I was told by my gyno to start out taking 500mg (1 pill) and then slowly work my way up to 1000mg. Metformin is known to wreck your stomach. And boy did it ever. My stomach was so messed up for the first couple of weeks. Anytime I ate a carb, I paid for it later. Literally it was awful. Like so gross and so freaking awful. This is why so many women lose weight on this medication when they first start taking it. I lost about 10lbs which is not much but definitely better than nothing. I finally worked my way up to 1000mg/daily and I even got a cycle after 40 days. I was so excited and thought that it was starting to regulate my body. Then, I didn't get another cycle for over 100 days.
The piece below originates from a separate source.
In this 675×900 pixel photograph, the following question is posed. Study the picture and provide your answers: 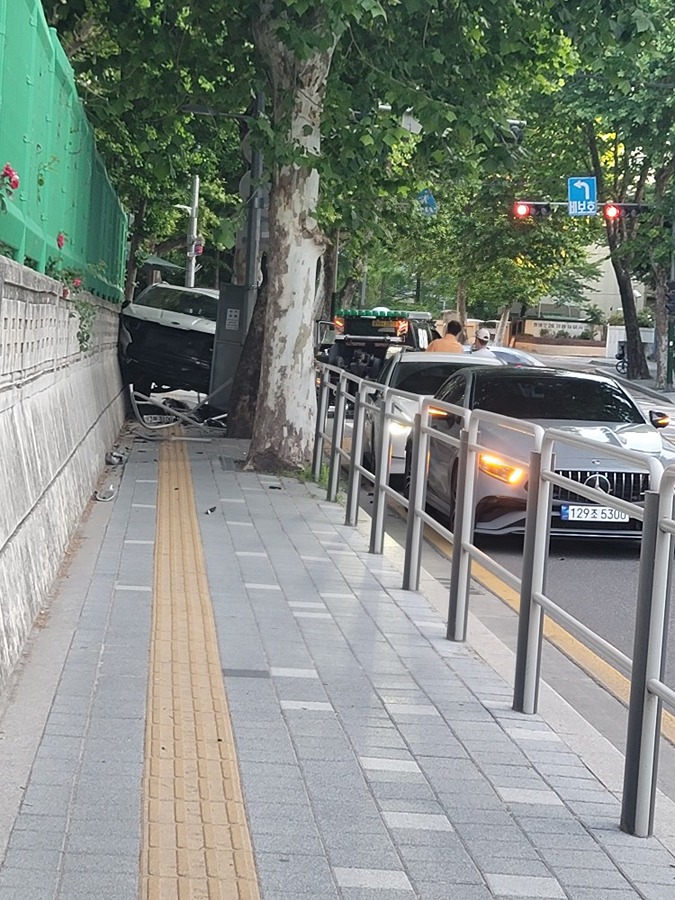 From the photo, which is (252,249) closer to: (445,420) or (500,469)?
(445,420)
During that 100 day lull, when I was just waiting, feeling like a ticking time bomb, a high-school friend of mine had reached out to me. She had experienced two miscarriages and we had discussed our struggles with each other. She recently starting going to a Reproductive Endocrinologist (RE) aka Fertility Specialist and highly recommend that I go see him also. I made an appointment that very day. This was March 2014...7 months ago. Tom and I were very excited and finally felt like we were taking control of the situation. Up until this point, I was not really getting any guidance from my gyno and I felt more or less like a pain every time I called. I didn't understand why I wasn't getting my period normally and why it didn't seem like a big deal to her. I felt like I was broken. I felt like I was letting Tom down. Who wants to marry someone that is going to have trouble having children? I thought about it and dwelled on it all the time. I cried when I saw babies or when I heard other people were pregnant. It was not an easy time in our marriage. I was not a happy person. I felt broken and I was mad. I was mad at God and angry that other people didn't struggle like I did. Looking back on that dark time now, I am happy to say that those days of thinking that way are for the most part over with. Sure, I still get upset, and I still ask "Why Me?" but then I let it go and hold on to the tiny sliver of hope. Knowing that a lot of women are going through this also helps. Knowing you aren't alone is one of the most comforting things. I would have dark days but definitely more sunny days then rainy days. I clung to the hope that one day we would be parents. One day we would be holding a baby in our arms. We couldn't wait to meet my RE.